The sqlite temp_store pragma is a global setting.
It not only applies to proplist, but also to other queries using
temporary tables.
We're trying to devise a general approach to better using wc.db
based on the proplist example. Other commands may need a similar
approach. So we can't just look at proplist to make a decision.
How much data will svn status pull into memory? How much data will
future APIs that we haven't even designed yet pull into memory?
> The above solution with SQLite temp tables seems like a good approach.
> And it would be great if the "file-backed" temp tables would be
> "almost as fast" as the "in-memory" temp tables (with the PRAGMA
> setting).
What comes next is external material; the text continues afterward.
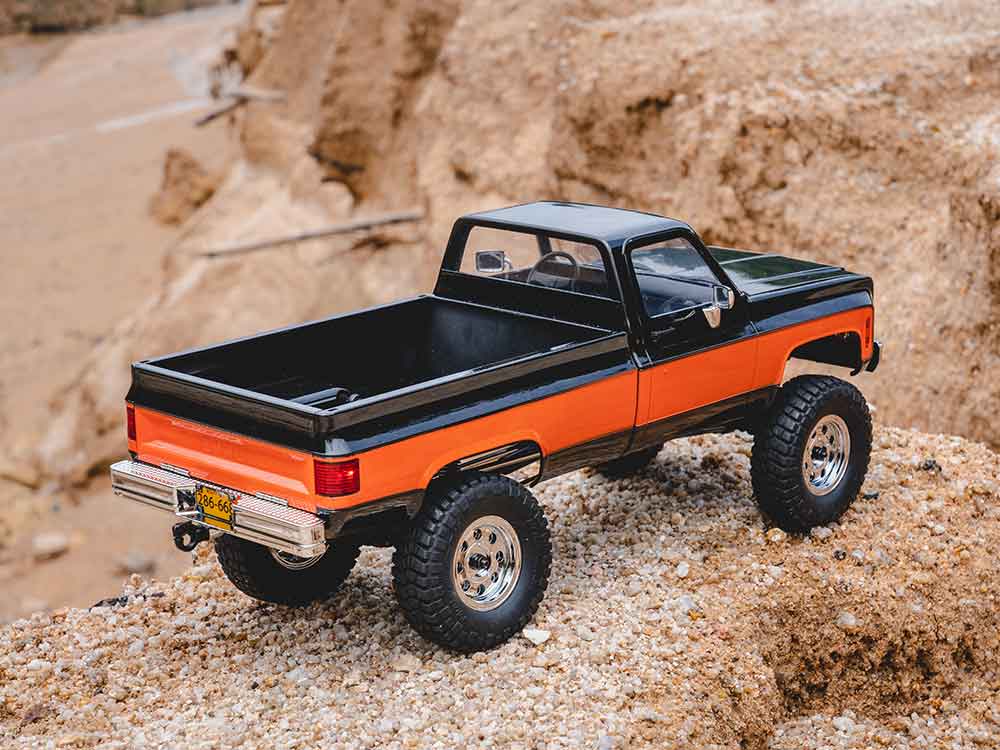 New Fms 1:18 Fcx18 Chevrolet K10 Pickup Remote Control Model Simulation Climbing Four-wheel Drive Truck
But if the file-backed temp tables would be significantly
> slower, I would consider taking the "in-memory" route.
I think we should use the default (PRAGMA temp_store = FILE) unless
we encounter a serious problem with it. I believe that this was changed
to MEMORY because that helps with the ridiculous amount of queries we're
doing at the moment. But with the handful of queries we're issuing with
Branko's patch, and the amount of data pulled into a temporary table,
we're more likely to hit the problem where temporary tables don't fit
into memory. When that happens, we fail if temp_store is MEMORY,
and we get a bit slower if temp_store is FILE. Getting a bit slower
is better than failing.
I also think that we shouldn't be changing sqlite default settings unless
there is a very good reason. We're (mostly?) not database developers, so
we're probably better off relying on defaults chosen by sqlite devs.
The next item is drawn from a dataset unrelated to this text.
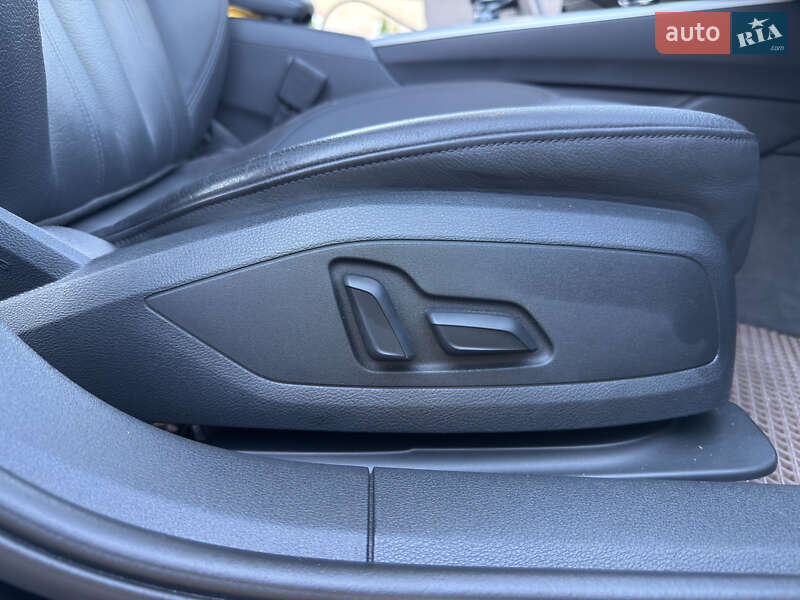 Седан Audi A4 2018 в Луцьку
> Or, even better: make it configurable for the user (client-side config
> file, or something wc-specific (?)), so he can make the choice between
> memory and speed for himself.
That would be interesting to add, and would allow our users to help
us find out whether we might want to flip the default to MEMORY in
the future (e.g. for Subversion 1.8).
> A lot of wc databases out there will be
> so small that the user will hardly notice the memory increase.
All we'd be doing is allowing sqlite to flush data to disk if needed.
Even with a temporary table backed by a file, most operations happen in
memory. Either in buffers managed by sqlite or the operating system's
buffer cache (until sqlite does an fsync). So for small databases it
shouldn't make a difference.
Received on 2011-02-07 21:52:16 CET